-- MATERIALS PROVIDED --
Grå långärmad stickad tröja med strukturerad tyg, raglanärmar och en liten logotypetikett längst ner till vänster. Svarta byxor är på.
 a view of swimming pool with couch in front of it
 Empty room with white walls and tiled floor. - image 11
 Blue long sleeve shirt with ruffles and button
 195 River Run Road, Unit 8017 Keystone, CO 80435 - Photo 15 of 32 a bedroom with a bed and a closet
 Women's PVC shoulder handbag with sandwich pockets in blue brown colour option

-- PROBLEM --
Find each line of the data above that holds the word "with", then copy it.

-- YOUR RESPONSE --
 a view of swimming pool with couch in front of it
 Empty room with white walls and tiled floor. - image 11
 Blue long sleeve shirt with ruffles and button
 195 River Run Road, Unit 8017 Keystone, CO 80435 - Photo 15 of 32 a bedroom with a bed and a closet
 Women's PVC shoulder handbag with sandwich pockets in blue brown colour option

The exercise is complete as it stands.